Residential Proxies
Residential proxies route your traffic through real home internet connections, so to a website you look like an ordinary person browsing from their living room. That authenticity is their main strength.
Characteristics
- Real IP addresses from ISPs (internet service providers — the companies that give homes their internet)
- Associated with actual devices
- Higher success rates
- Better for avoiding blocks
- More expensive
- Slower than datacenter proxies
- Geographically diverse
- More legitimate looking
Use Cases
The example below rotates through a pool of residential proxies, picking the next one for each request and retrying up to three times if a request fails:
class ResidentialProxyManager:
def __init__(self, proxy_pool):
self.proxies = proxy_pool
self.current = 0
self.success_rates = {}
def get_next_proxy(self):
proxy = self.proxies[self.current]
self.current = (self.current + 1) % len(self.proxies)
return {
'http': f'http://{proxy}',
'https': f'http://{proxy}'
}
async def make_request(self, url):
for _ in range(3): # Retry mechanism
proxy = self.get_next_proxy()
try:
async with aiohttp.ClientSession() as session:
async with session.get(url, proxy=proxy, timeout=30) as response:
if response.status == 200:
self.update_success_rate(proxy, True)
return await response.text()
except Exception as e:
self.update_success_rate(proxy, False)
continue
raise Exception('All proxy attempts failed')
Datacenter Proxies
Datacenter proxies use IP addresses from cloud servers.

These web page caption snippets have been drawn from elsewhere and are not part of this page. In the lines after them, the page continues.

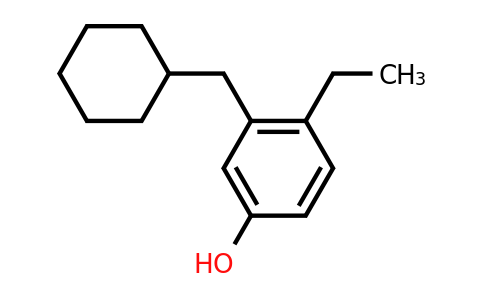 CAS 1243474-04-5 | 3-(Cyclohexylmethyl)-4-ethylphenol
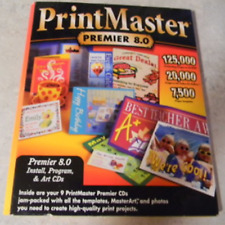 Printmaster Premier 8.0 Install Program and Art Cd's picture
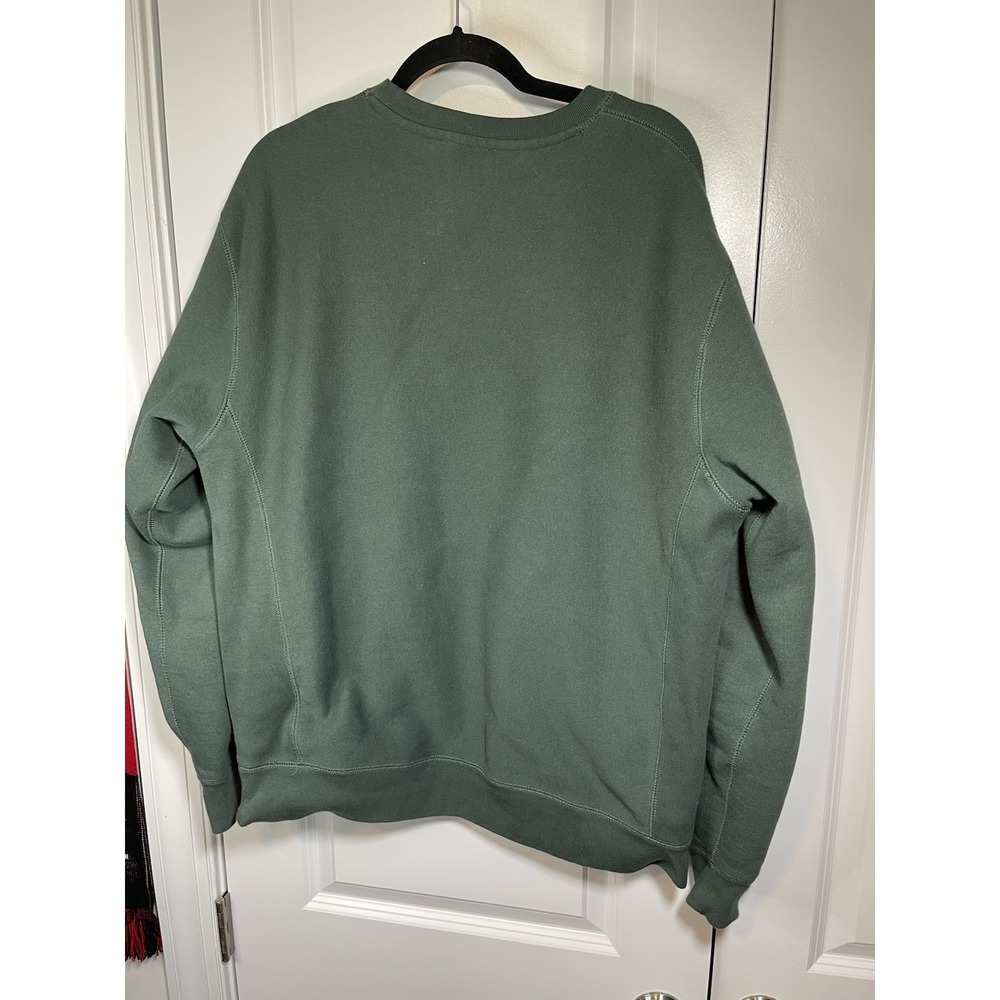 Simply Lemonade Embroidered Crew Neck Sweatshirt Green Size XL - Picture 9 of 11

They are fast and cheap, but because thousands of them come from the same hosting companies, websites recognise them as non-human traffic and block them more readily.
Characteristics
- Cloud-based IP addresses
- Faster response times
- More likely to be blocked
- Less expensive
- Easier to detect
- Better for high-volume scraping
- Limited geographic diversity
- More suitable for non-sensitive targets
Implementation Example
This rotator cycles endlessly through a proxy list, skips any that have been banned, and refreshes the whole list once more than half are banned:
class DatacenterProxyRotator:
def __init__(self, proxy_list):
self.proxies = cycle(proxy_list)
self.banned_proxies = set()
self.timeout = 10
def get_proxy(self):
while True:
proxy = next(self.proxies)
if proxy not in self.banned_proxies:
return proxy
def mark_banned(self, proxy):
self.banned_proxies.add(proxy)
# Remove if too many banned
if len(self.banned_proxies) > len(self.proxies) * 0.5:
self.refresh_proxies()
Choosing the Right Type
The right choice comes down to a trade-off: residential proxies cost more but get blocked less, while datacenter proxies are cheaper and faster but easier to detect. Use the matrix below to decide.
Decision Matrix
Choose Residential When:
- Scraping sensitive websites
- Need high success rates
- Geographic targeting important
- Budget allows for higher costs
Choose Datacenter When:
- Speed is priority
- Scraping non-sensitive sites
- Large volume of requests needed
- Cost-effectiveness required
Implementation Strategy
A practical approach is to use both: send sensitive targets (like ecommerce sites) through residential proxies and everything else through cheaper datacenter ones. The manager below picks the proxy type based on the kind of site:
class HybridProxyManager:
def __init__(self):
self.residential = ResidentialProxyPool()
self.datacenter = DatacenterProxyPool()
self.site_categories = {
'ecommerce': 'residential',
'public_data': 'datacenter'
}
async def get_proxy_for_site(self, url, site_type):
if self.site_categories.get(site_type) == 'residential':
return await self.residential.get_proxy()
return await self.datacenter.get_proxy()
Remember: Choose proxy type based on your specific needs, target websites, and budget constraints.